ビジュに対する期待はメスのゴリラたちも同じだったようだ。自信に満ち、堂々としているビジュの様子を見るメスたちの目が、明らかに今までのオスに対するものとは違ったという。
最初は、リラコ(メス)、ゲンキ(メス)、ビジュの3頭で同居となった。しかし、リラコがケガをしたため、ゲンキとビジュの2頭だけで暮らすことに。その間に2頭は急接近をし、交尾に至ったのだ。その後も毎月、ゲンキが発情するたびに交尾をする。発情中のゲンキはビジュにべったりで、ビジュが休んでいても、気を引くために腕を引っ張り、砂をかけるなどして起こしてしまうほどだったという。やがて、リラコが復帰し、ローラ(メス)も加わった。しかし、なかなか赤ちゃんはできなかった。
そこに加わったのが、別の動物園から来たモモコ(メス)である。来たばかりなのに先輩のメスたちにもまったく物怖じしないモモコの行動に、黒鳥氏はとても心配したという。
しかし、黒鳥氏の心配をよそに、モモコは、群れに入ってたったの2日で、ビジュと交尾をしたのだ。
そんな新入りのモモコの態度が面白くないのが、メスの序列1位だったリラコである。モモコとビジュの交尾がはじまると、リラコは間に入ったり、モモコの足を引っ張ったりして邪魔してしまう。しかし、当のモモコは、全く意に介さずに、交尾を続ける。

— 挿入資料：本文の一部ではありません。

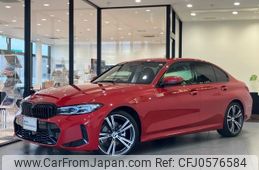 bmw 3-series 2024 quick_quick_3DA-5V20_WBA40FU0608E61946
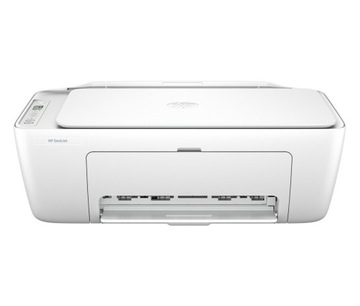 HP DeskJet 2810e «все в одном» 588Q0B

ビジュはというと、モモコの発情が終わると、今度はリラコと積極的に交尾をするのだ。メス同士が修羅場になっても、群れがバラバラにならなかったのは、ビジュの力だったと黒鳥氏は言っている。
臆病なトト(メス)が群れに加わったときも、ビジュの力が際立った。なかなか放飼場に出てこないトトに草をプレゼントし、じっと外で待ってやさしく誘い出していたのだ。ビジュはトトとも交尾し、トトも群れのなかに安心していられるようになった。

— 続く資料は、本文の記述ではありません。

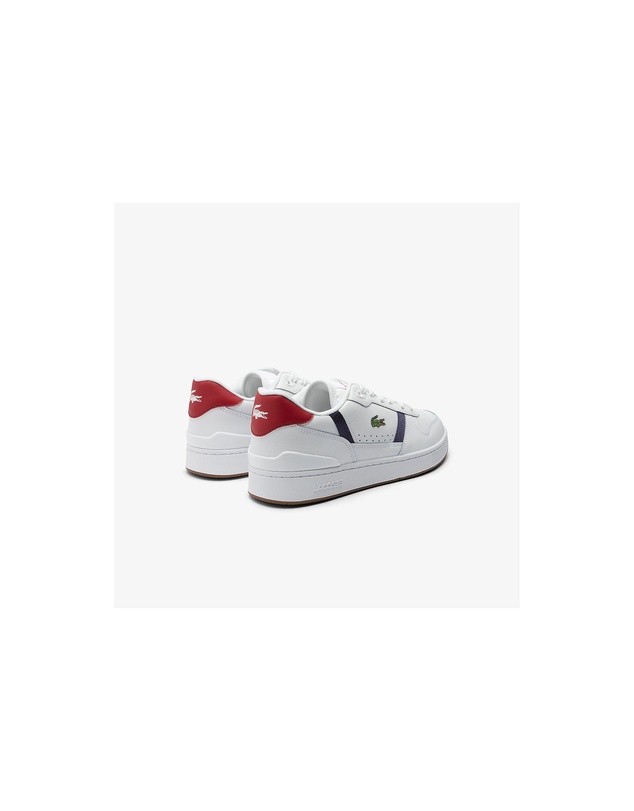 Lacoste - T-Clip Sneakers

黒鳥氏によると、群れを率いるオスゴリラに必要なのは、マメさだという。メスたちにトラブルが起きたとき、すぐに間に入って落ち着かせる技術や、どのメスも平等に扱う態度により、オスはメスたちの信頼を得ることができるのだ。リーダーは力を振りかざすだけでなく、調整する能力が大事なのである。
言葉がないから、わかり合える
時にはゴリラは嘘をつく。
寒い冬の雨の日に、 外に出る時間になったら、ローラが急に頭を抱え「ウーッ」と苦しそうにしたという。調子が悪いのかと思い、外に出さずに見えない隣室のモニターで 様子を見ていると、何もなかったように部屋の中で遊んでいる。そこで、また外に出そうとすると、苦しそうに仮病を使ったそうだ。
その一方で、ゴリラと飼育員の関係性は、病気やケガの治療で試めされると黒鳥氏は言っている。飼育員は、薬を飲ませたり、採血や麻酔をかけたりとゴリラたちが嫌がることをしなければいけないからだ。
麻酔をかけるときは、絶食をさせて吹き矢で麻酔を打つことになる。吹き矢を当てられると「痛いからもう止めてくれ」と言わんばかりに、吹き矢を返しに来るゴリラやチンパンジーもいるという。信頼しているからこそのリアクションだと黒鳥氏は言う。